The Kurdish diaspora in Europe has been one of the main efficient helpers in drawing attention to the problems the Kurds have been facing in what they see as the “Kurdistan”, which is located inside the borders of four different countries: Iran, Iraq, Syria, and Turkey. According to Martin van Bruinessen, a Dutch expert on Kurdish studies, “it was the exile that transformed Kurdistan from a vaguely defined geographical entity into a political idea”.
Acting transnationally across the continent, the Kurdish diaspora “has become the financial, intellectual, political, and social driving force of Kurdish nationalism” too.
There are no reliable, recent statistics on the number of Kurdish people in Europe. The Kurdish Institute of Paris notes that some estimates suggest that about 1.5 to 1.7 million Kurds live in the diaspora community in Europe. The most important host country is by far Germany, in which almost one million Kurds are living. France, the Netherlands, Switzerland, Belgium, Austria, Sweden and the United Kingdom also have a significant Kurdish community. The same institute claims that 75% of the Kurds currently in Europe are Turks. Another estimate, made in 2007, found that among the European Kurdish community there are 250,000 from Iraq, 50,000 from Iran and 15,000 from Syria. However, these estimations are considered neither totally reliable nor accurate (it is believed that the actual number of Kurds is fairly higher): there are no official statistics and many Kurds are undocumented immigrants.

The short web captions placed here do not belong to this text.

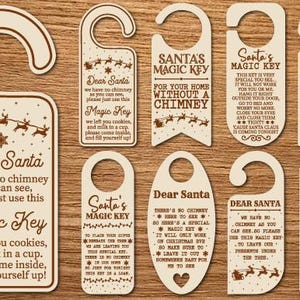 May include: A collection of wooden Christmas door hangers with various designs and text. The designs include Santa's sleigh, reindeer, stars, and the words "Dear Santa" and "Magic Key".
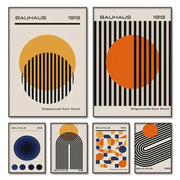 Set of five DecorBites™ modern geometric canvas wall art prints with bold black white orange and blue patterns on cream backgrounds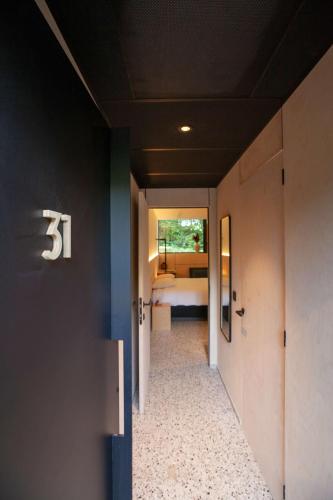 a hallway leading to a bedroom with a bed at Hotel The Lodge Heverlee in Leuven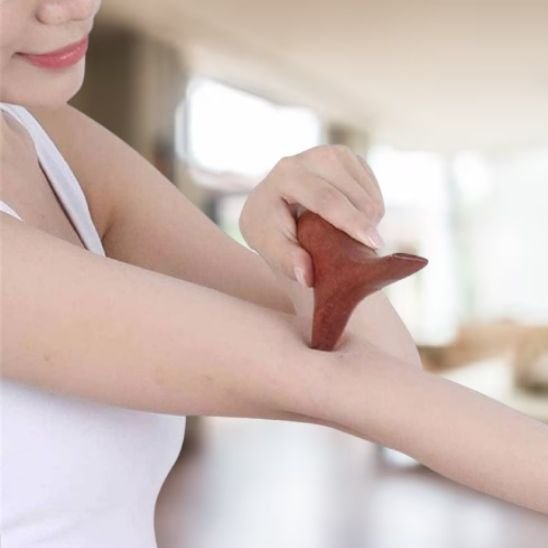Gua sha glissé le coude d'une femme, moment de relaxation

Some authors divide Kurdish migration to Europe into three phases. The first, from the 1950s, consisted essentially of students and intellectuals. During the 1960s and 1970s, it was a labor migration flow. After, during the 1980s and the 1990s, they were mainly asylum seekers, due to the Kurdish armed resistance in Iran, Iraq, and Turkey.
A thing that one should have in mind is that the Kurdish diaspora in Europe is not a “monolithic body”. The truth is many “groups within the Kurdish Diaspora defend differing ideas, opt for divergent solutions to the Kurdish issue in Turkey, and advocate disparate strategies in Europe”. Those (not only but also) ideological and religious differences are really important and shape the lens through which they see the problems their community face. Yet those disparate points of view are not enough to prevent those groups from voicing their opinion together when they believe that it is desirable/necessary.
Another common thing is the attention that is paid by the Kurdish diaspora to their culture, considered as the bedrock of their community. In general, its members have maintained strong ties with their homeland by establishing economic, political and social connections and networks. There are regular gatherings to commemorate events like Newroz (the Kurdish New Year) or the “Halabja massacre” (a chemical attack in Iraq, in 1988, during the war Iraq-Iran). Besides, cultural, political and social events/festivals are continually taking place as ways to bring together the Kurdish diaspora. Simultaneously, the internet and social media have created a whole new world of opportunities for this process in which “the first generation (…) retain their attachment and feelings of solidarity to relatives” and, at the same time, “they also transfer cultural values and traditions to the next generation”.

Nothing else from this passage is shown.